Nyce ne cesse de pleurer. Son corps tremble, je le vois d'ici. Elle est déboussolée. Elle a le cœur brisé. Je sais ce que c'est, je l'ai vécu toute la semaine. C'est douloureux. Ça donne envie de mourir.

-Nyce, si tu arrêtes ça et que tu te rends, je te promets qu'on essaiera d'améliorer les choses. Tout sera différent dorénavant. Tu pourras vivre une tout autre vie, bien meilleur ! Mais pour ça, tu dois laisser Andréas tranquille.

Je regard le loup étendu sur le sol. Ses magnifiques prunelles bleus sont rivés sur moi. Le loup d'Andréas me contemple, admiratif. J'ai l'impression qu'un poids se soulève de mes épaules. Cela fait si longtemps que je n'ai pas admiré ses beaux yeux.

-Ne le tue pas, je t'en prie. C'est mon âme-sœur.

Je le sais maintenant. C'est devenu une évidence. Plus aucun doute ne subsiste, juste une seule et unique certitude : Andréas est mon âme-sœur, et je suis la sienne.

C'est étrange d'enfin réussir à se l'avouer. J'ai l'impression de sortir la tête de l'eau après être restée en apnée durant de longues années. Et ça fait tellement de bien.

-Je ne peux pas. rétorque Nyce. Si je ne le tue pas, c'est eux qui me tueront.
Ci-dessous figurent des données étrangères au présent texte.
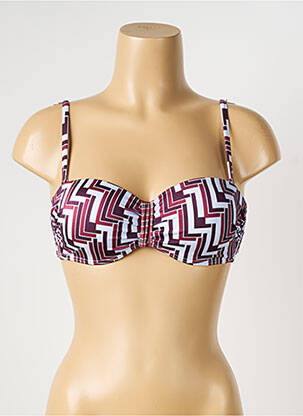 Sutien de costum de baie elasticitate top bentiță violet OLYMPIA femeie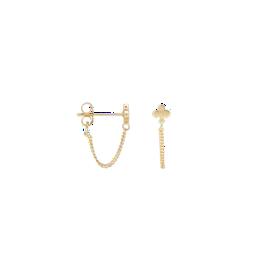 Overview image: Single club chain earring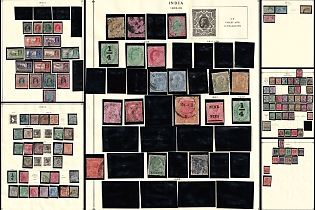 1868-1935 India, British Colonies, Group of stamps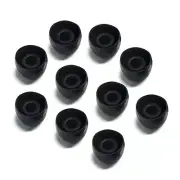 10-Pack Replacement Rubber Earbud Tips for V-MODA Bass Freq Metal Earphones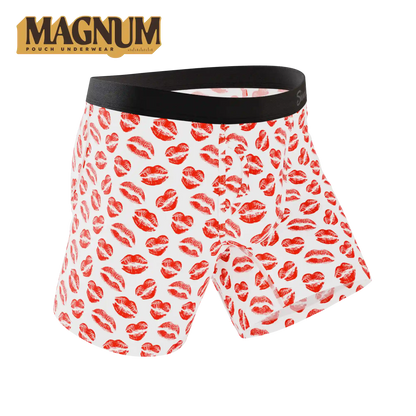 The Pucker Up | Lipstick Kiss Ball Hammock® Magnum Big Pouch Underwear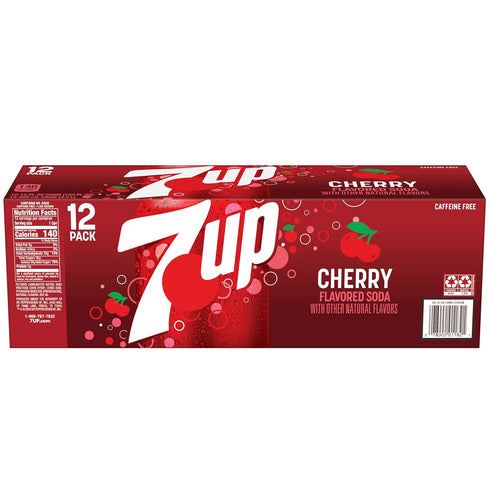 7UP 12 oz 12 pack Cherry Flavored Soda, fl cans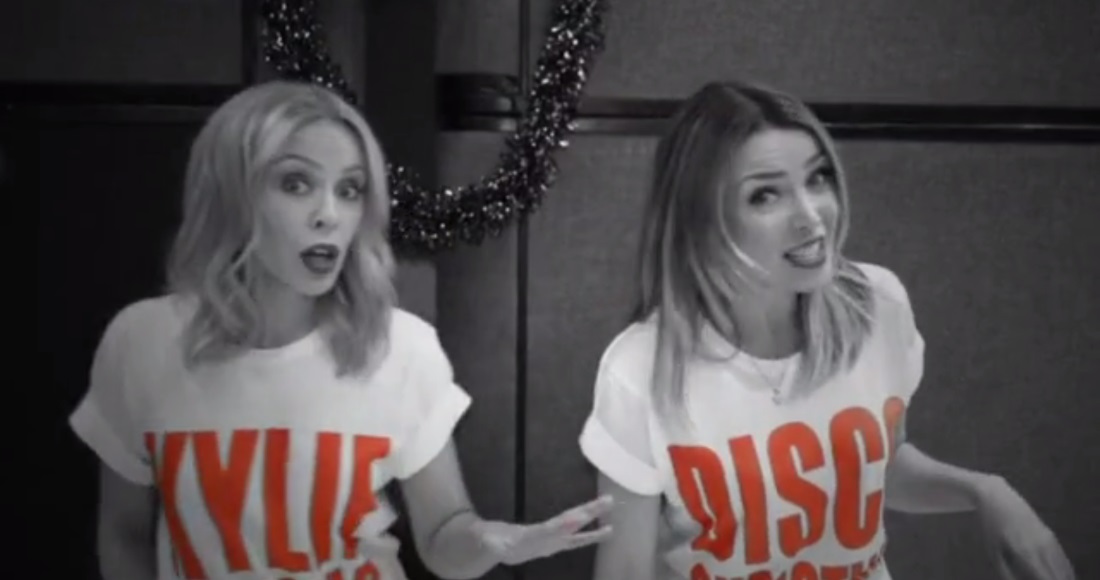 Kylie and Dannii get festive in new Christmas duet video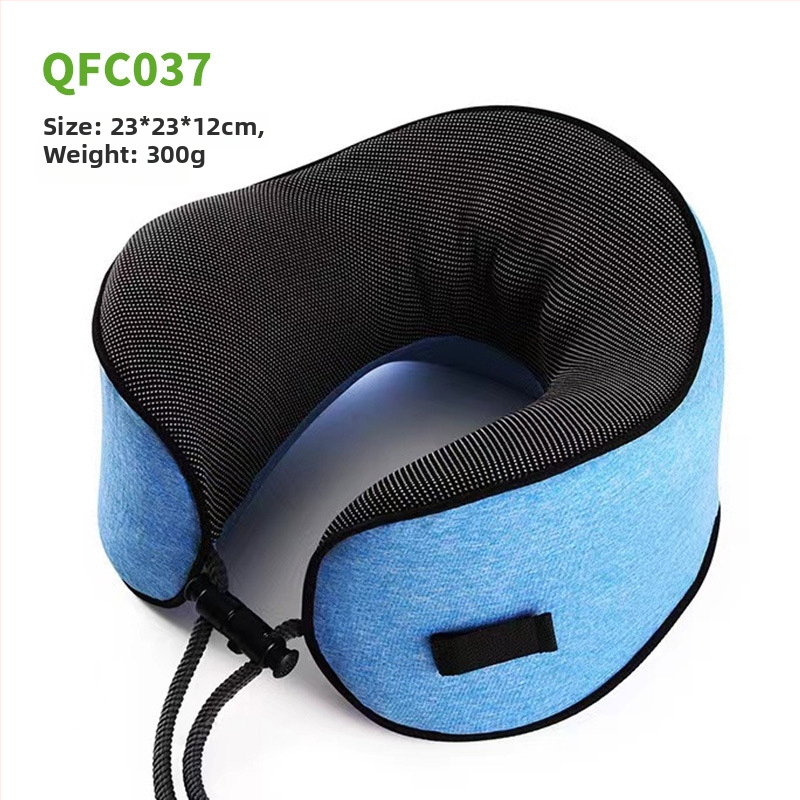 У-образена възглавничка за шия за възрастни, пълнеж от паметна пяна, ядро от чист памук, сертифицирана по EU ROHS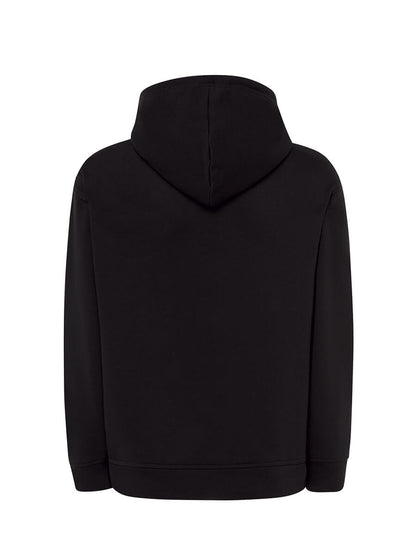 FELPA CON CAPPUCCIO BLACK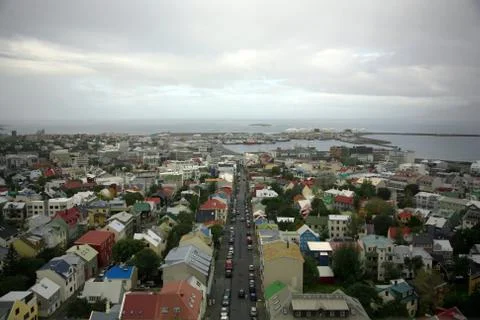 Reykjavik rooftops Stock Photos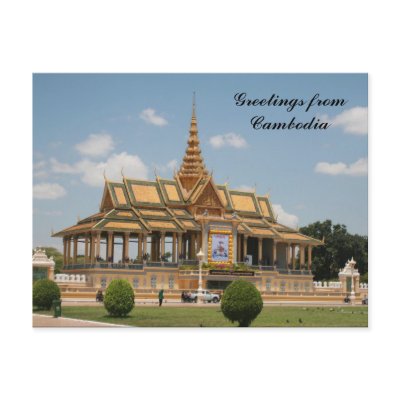 phnom penh greetings post cards by cardart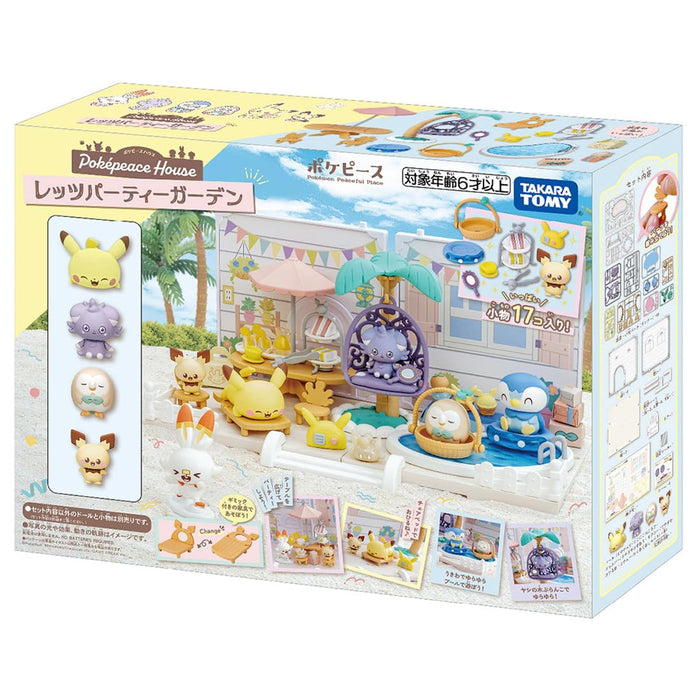 TAKARA TOMY Pokemon Pokepeace House Let's Party Garden Plastic House & Figure_3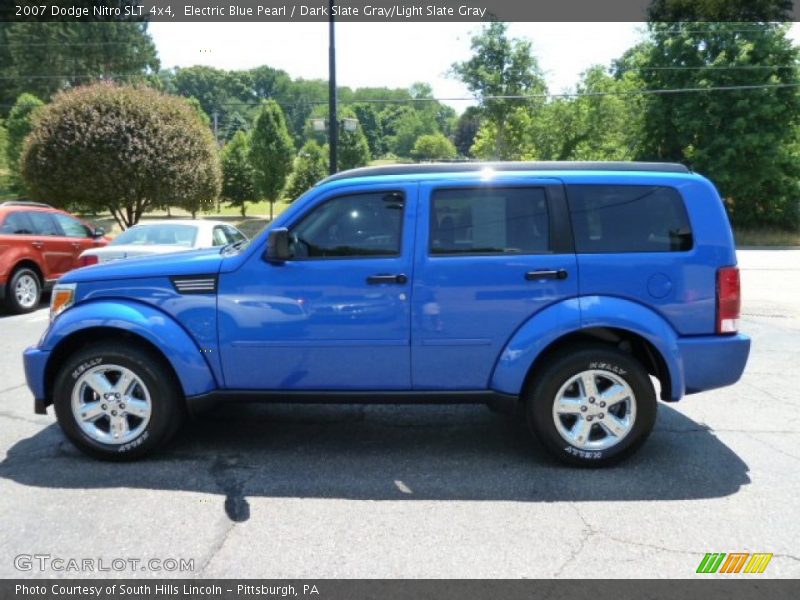 Electric Blue Pearl / Dark Slate Gray/Light Slate Gray 2007 Dodge Nitro SLT 4x4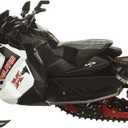 NewRay Polaris 800 Switchback Pro-X Snowmobile Model (White) - 1:16 Scale, 7.5 Inches Long, Ages 8+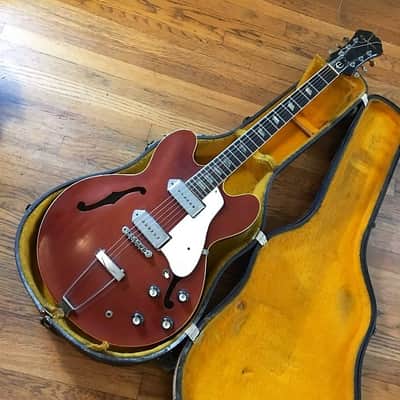 Epiphone Casino 1966 Sparkling Burgundy original vintage Kalamazoo USA gibson e-230-td image 5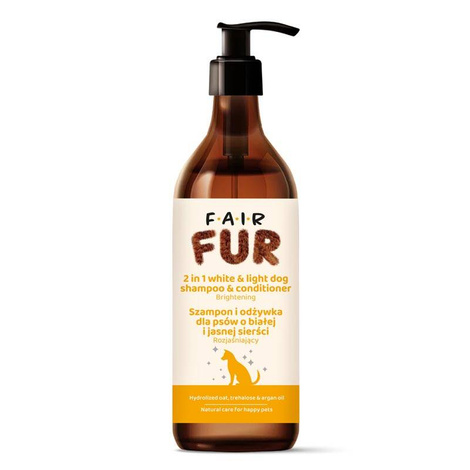 Fair Fur Szampon i odżywka dla psów o białej i jasnej sierści 270 ml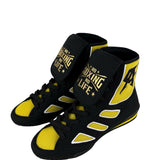 No Boxing No Life - Canelo Edition - Boxing Boots Black/ Yellow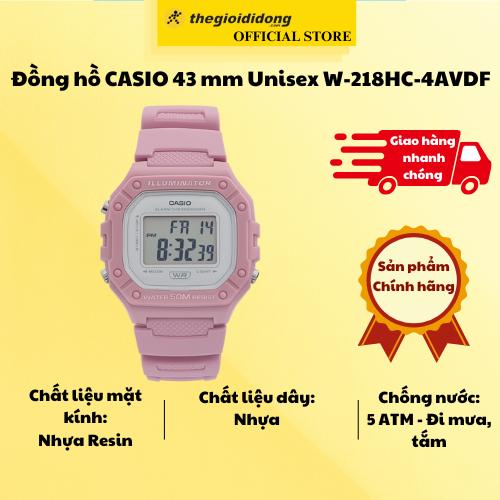 Đồng hồ CASIO 43 mm Unisex W-218HC-4AVDF - Hàng Chính Hãng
Vivement interpellée, je me détourne d'Andréas.

-Qui ça " eux " ?

Je me rends compte bien trop tard que nous ne sommes pas seuls dans la forêt. Des gens nous observe. Mais tout est sombre autour de nous, difficile d'y voir quoique ce soit. Je n'avais même pas remarqué que la nuit est presque tombée

Heureusement que je suis nyctalope.

Tout à coup, trois hommes sortent de la pénombre.

-Je crois qu'elle veut parler de nous. dit l'un d'entre eux.

Je les reconnais. Ce sont trois anciens loups de la meute, des fervents adorateur de Lorenzo et de sa doctrine. Ils ont quitté la meute lorsque Andréas a pris les reines.

Et aujourd'hui, ils viennent se venger.